The merger was borne out of increasing fears about the financial security of both the Derbyshire and the Cheshire societies with the former expected to post half-yearly losses of £17 million and the latter posting losses of £10.5 million. As a result of those projected losses, no windfall payments were to be made to savers of the smaller societies (they received greater financial security instead). Unusually, there was no ballot of members on the proposition, after a special resolution under the Building Societies Act enabling a faster merger.

The deal was concluded by the end of 2008 with agreement from the Financial Services Authority and the Office of Fair Trading. The Nationwide initially kept the separate identities of the two societies.

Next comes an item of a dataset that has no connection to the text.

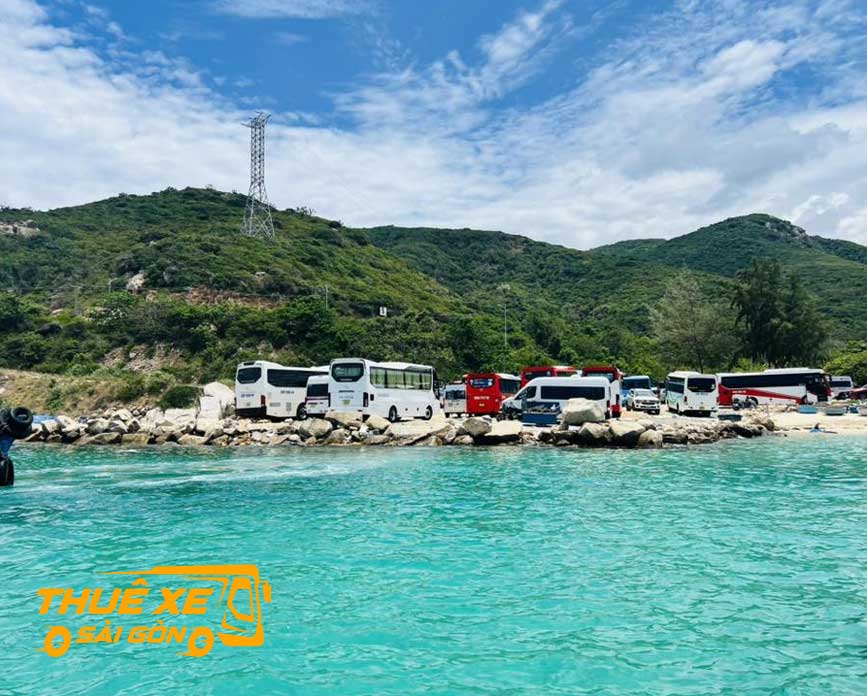 Chọn các dòng xe phù hợp đi Phú Quý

The merger was officially completed on 15 December 2008, with the Cheshire's website stating it as a trading division of the Nationwide Building Society.

Following the review in Q2 2010, it was announced that the brand was to be continued but the head office in Macclesfield was to be closed with most staff losing their jobs.

In May 2013, Nationwide announced that the Derbyshire, Cheshire, and Dunfermline brands would be phased out over two years, and branches either rebranded under the Nationwide brand or closed.

Sponsorship
The Cheshire Building Society was the sponsor of Granada Action, ITV Granada's communal help and support advertising campaign, from 1999 until the campaign ended around 2004.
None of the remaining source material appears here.